» Stored data
BEGIN
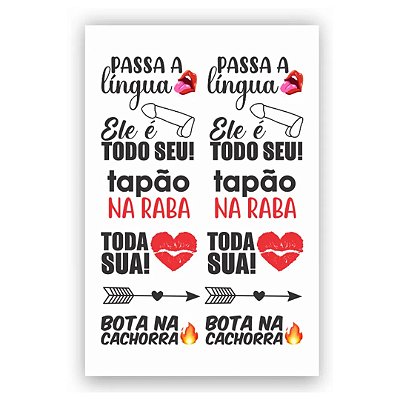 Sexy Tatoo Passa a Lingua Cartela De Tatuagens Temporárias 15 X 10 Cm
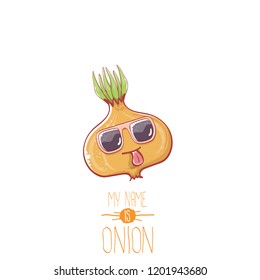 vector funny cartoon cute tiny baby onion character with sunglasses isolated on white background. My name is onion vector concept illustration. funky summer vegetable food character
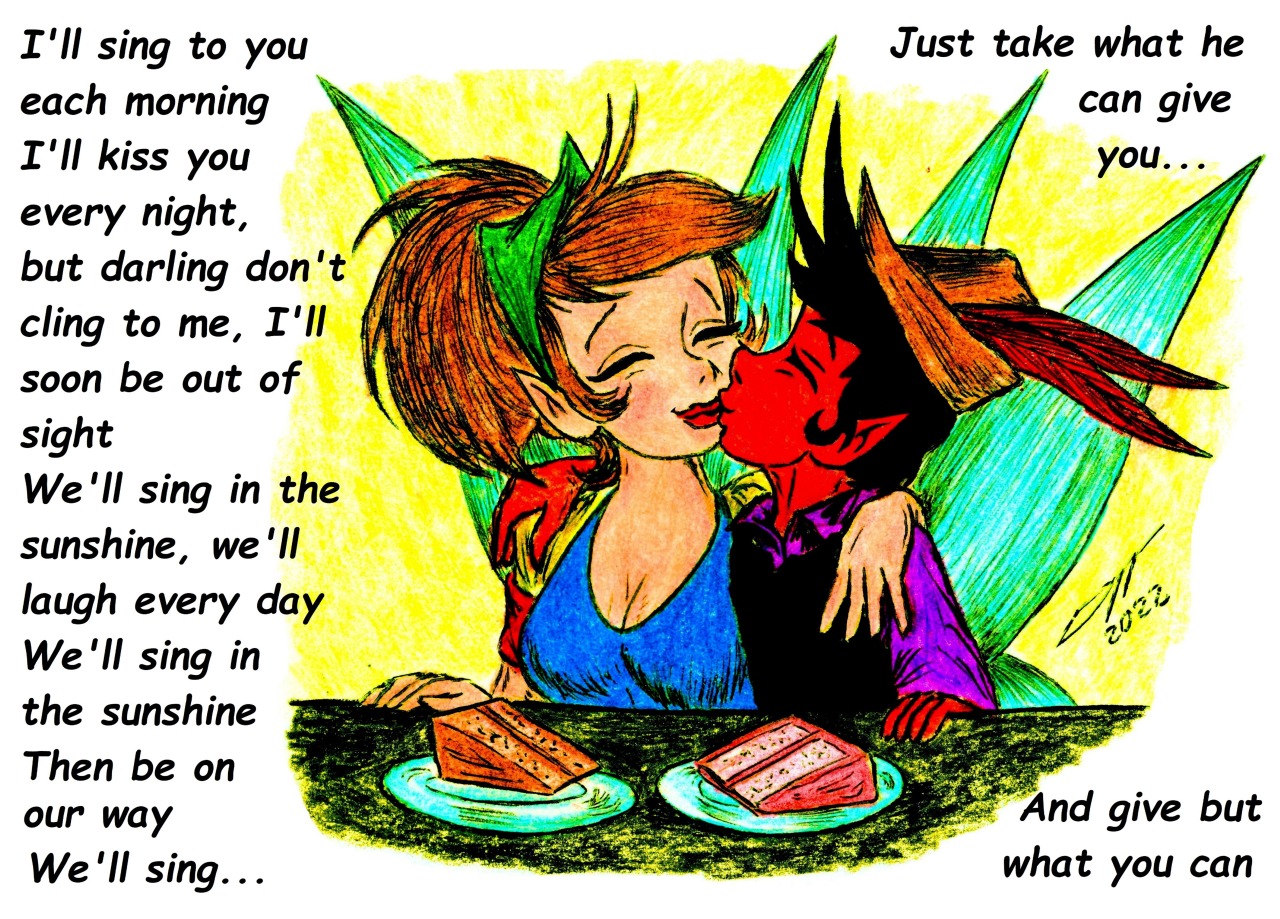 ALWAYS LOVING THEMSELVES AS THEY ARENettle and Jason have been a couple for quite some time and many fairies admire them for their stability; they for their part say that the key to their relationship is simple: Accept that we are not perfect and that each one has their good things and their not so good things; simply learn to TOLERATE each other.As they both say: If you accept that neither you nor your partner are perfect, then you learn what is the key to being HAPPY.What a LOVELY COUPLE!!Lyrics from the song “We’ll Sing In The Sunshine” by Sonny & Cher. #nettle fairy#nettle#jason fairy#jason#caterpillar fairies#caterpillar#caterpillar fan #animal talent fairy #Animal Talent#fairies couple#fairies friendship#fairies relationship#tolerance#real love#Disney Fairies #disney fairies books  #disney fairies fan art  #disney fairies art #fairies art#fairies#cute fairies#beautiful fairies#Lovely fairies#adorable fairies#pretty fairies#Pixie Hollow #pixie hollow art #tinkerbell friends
END
BEGIN
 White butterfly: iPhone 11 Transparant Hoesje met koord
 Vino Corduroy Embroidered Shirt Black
END
BEGIN
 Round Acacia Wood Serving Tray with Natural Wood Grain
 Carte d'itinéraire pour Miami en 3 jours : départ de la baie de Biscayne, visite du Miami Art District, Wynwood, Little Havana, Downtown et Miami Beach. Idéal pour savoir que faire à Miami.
END
» What this task involves
Look through the data above and return exactly the lines from the one that contains "Round Acacia Wood" to the one that contains "Carte d'itinéraire pour", inclusive, with nothing else.

» Exercise solution
 Round Acacia Wood Serving Tray with Natural Wood Grain
 Carte d'itinéraire pour Miami en 3 jours : départ de la baie de Biscayne, visite du Miami Art District, Wynwood, Little Havana, Downtown et Miami Beach. Idéal pour savoir que faire à Miami.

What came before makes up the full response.